• _EXERCISE PROMPT_: Search the entries below for "From Florence: Pisa". Give that line and all the lines after it again, exactly, through the last, without pictures.

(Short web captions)
----------------

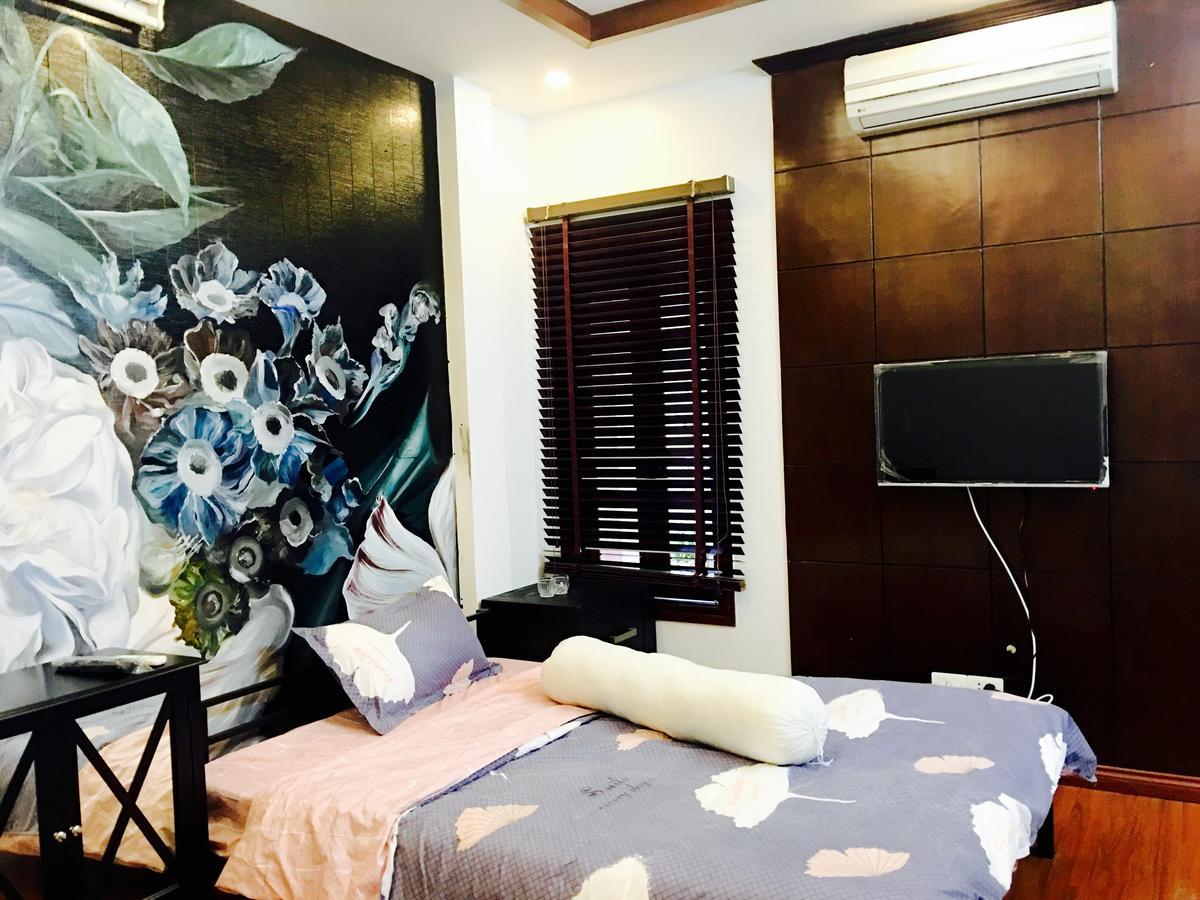 Awa Downtown Hostel Hanoi Eksteriør bilde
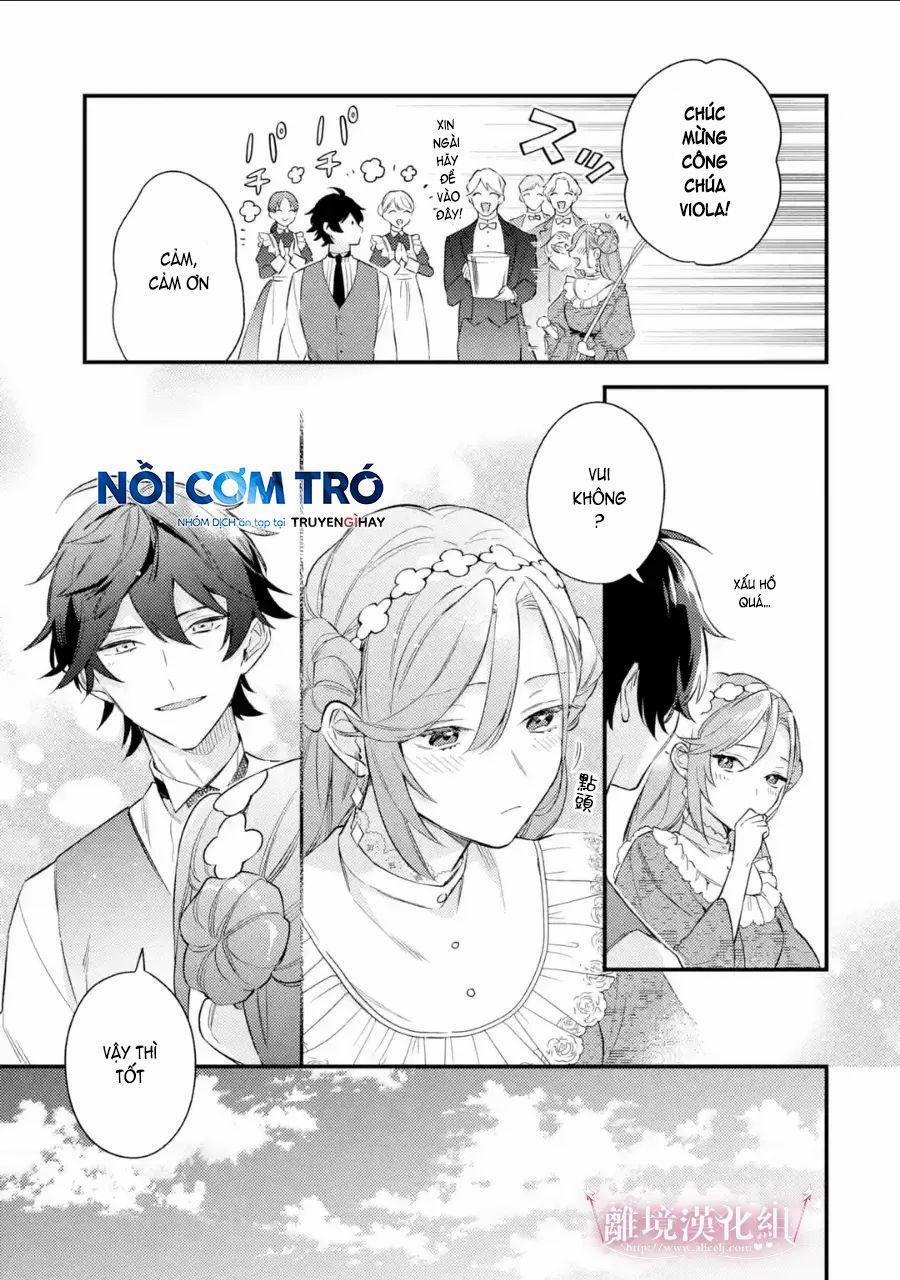 Vì Để Hủy Bỏ Hôn Ước Tôi Đã Giả Vờ Mất Trí 3.2 trang 1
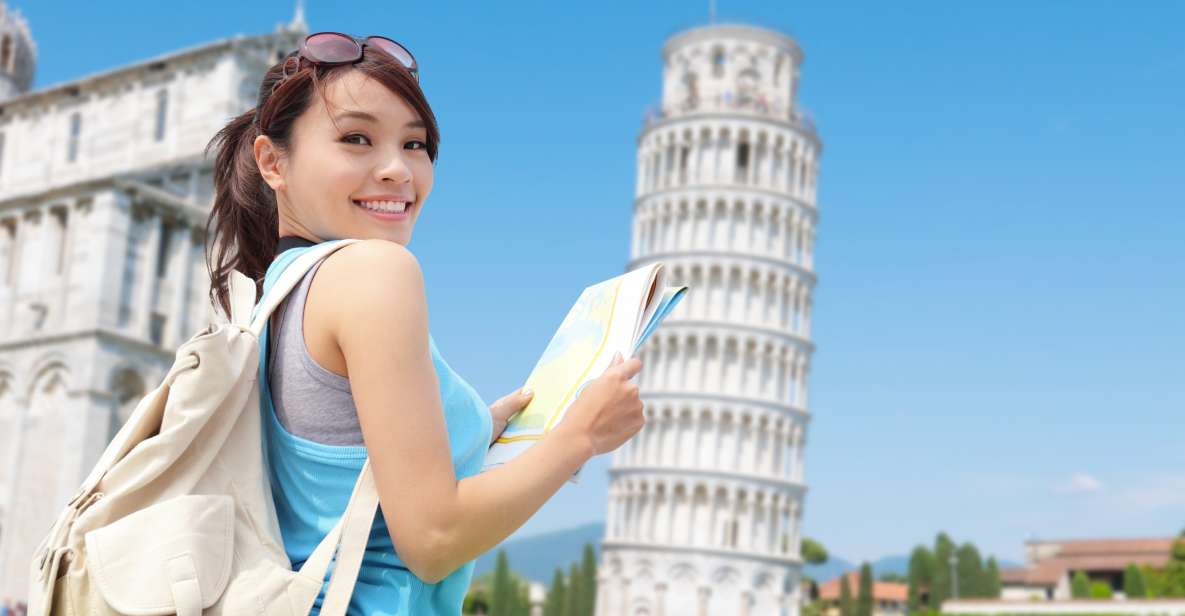From Florence: Pisa & Lucca Day Tour with Buccellato Tasting - Pisa’s Piazza dei Miracoli: more than the Leaning Tower photo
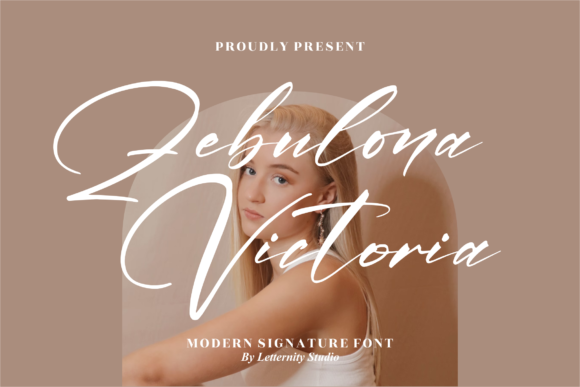 Zebulona Victoria: A Script Font with Elegance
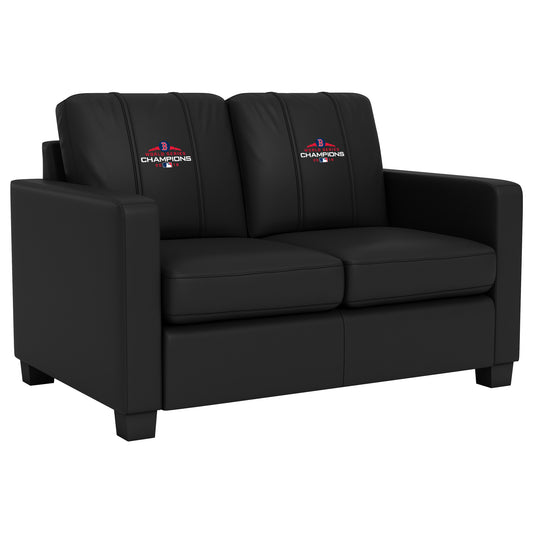 Dyno Stationary Loveseat with Boston Red Sox 2018 Champions Logo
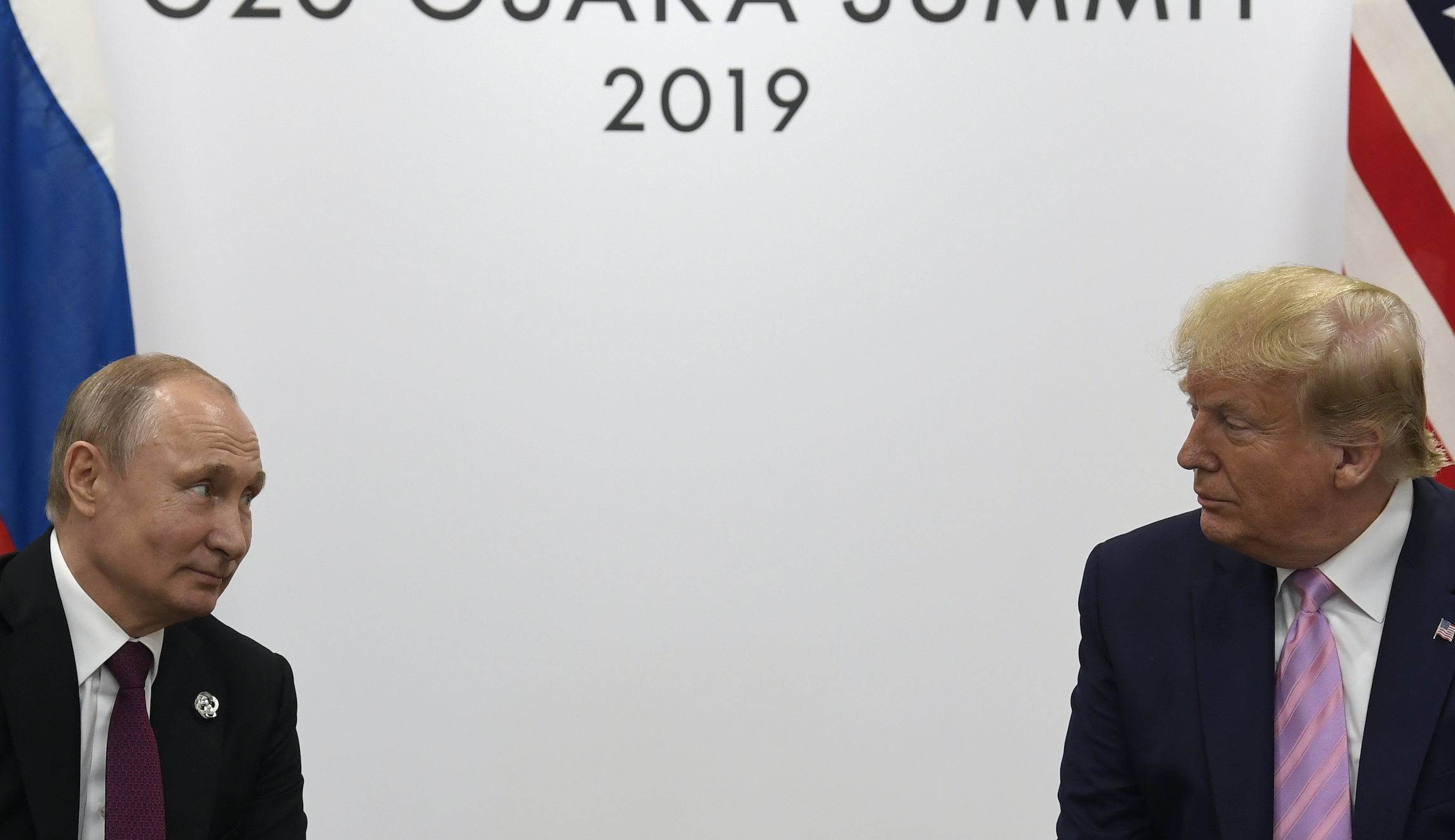 Trump says he did not discuss Russian bounties in call with Putin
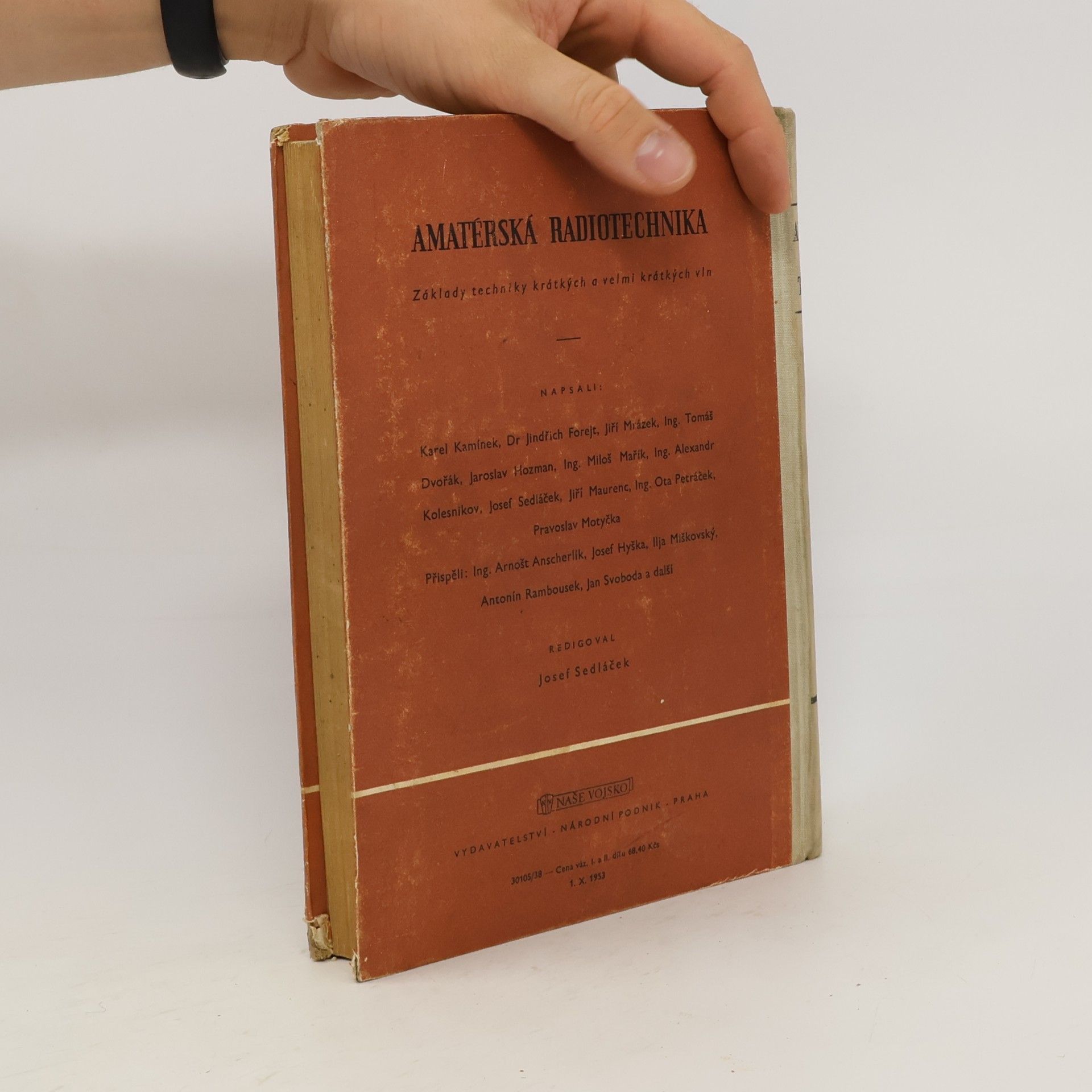 Kolektív autorov Amatérská radiotechnika I.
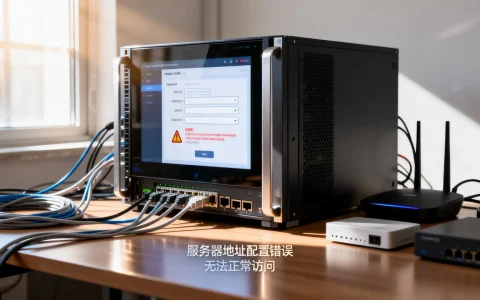 服务器地址配置错误意味着什么?为何会导致无法正常访问?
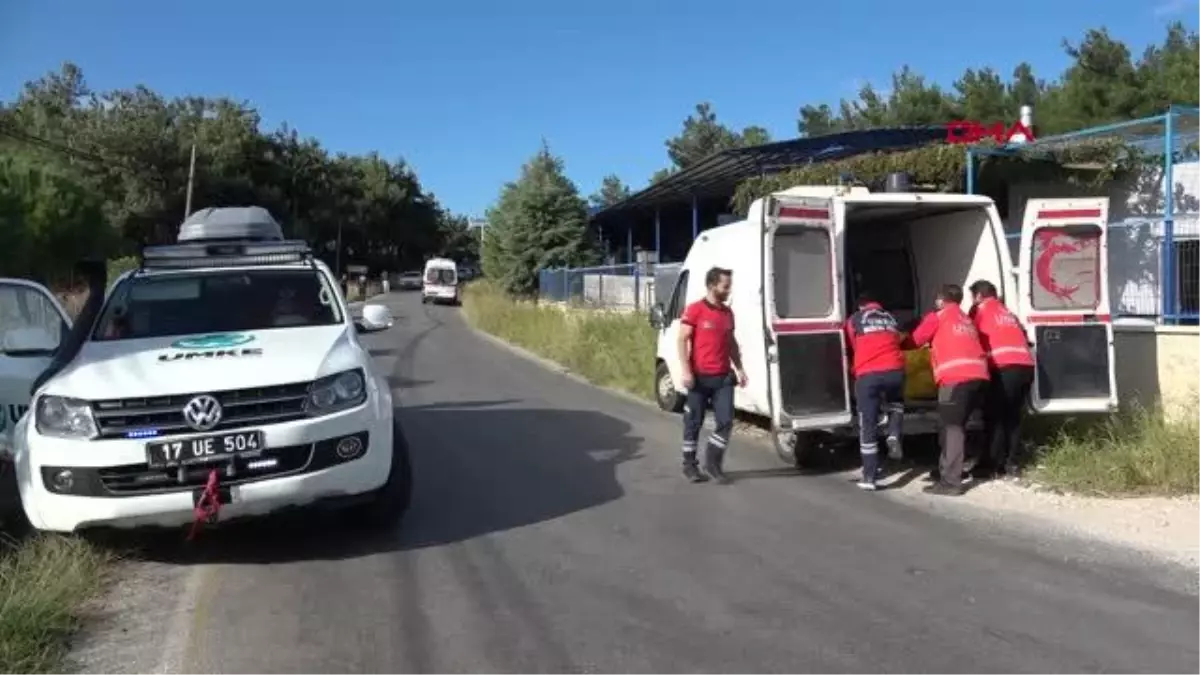 ÇANAKKALE\'DE SOĞUK HAVA DEPOSUNDA KİMYASAL, BİYOLOJİK, RADYOLOJİK, NÜKLEER SAHA TATBİKATI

----------------

• _ANSWER SECTION_:
From Florence: Pisa & Lucca Day Tour with Buccellato Tasting - Pisa’s Piazza dei Miracoli: more than the Leaning Tower photo
 Zebulona Victoria: A Script Font with Elegance
 Dyno Stationary Loveseat with Boston Red Sox 2018 Champions Logo
 Trump says he did not discuss Russian bounties in call with Putin
 Kolektív autorov Amatérská radiotechnika I.
 服务器地址配置错误意味着什么?为何会导致无法正常访问?
 ÇANAKKALE\'DE SOĞUK HAVA DEPOSUNDA KİMYASAL, BİYOLOJİK, RADYOLOJİK, NÜKLEER SAHA TATBİKATI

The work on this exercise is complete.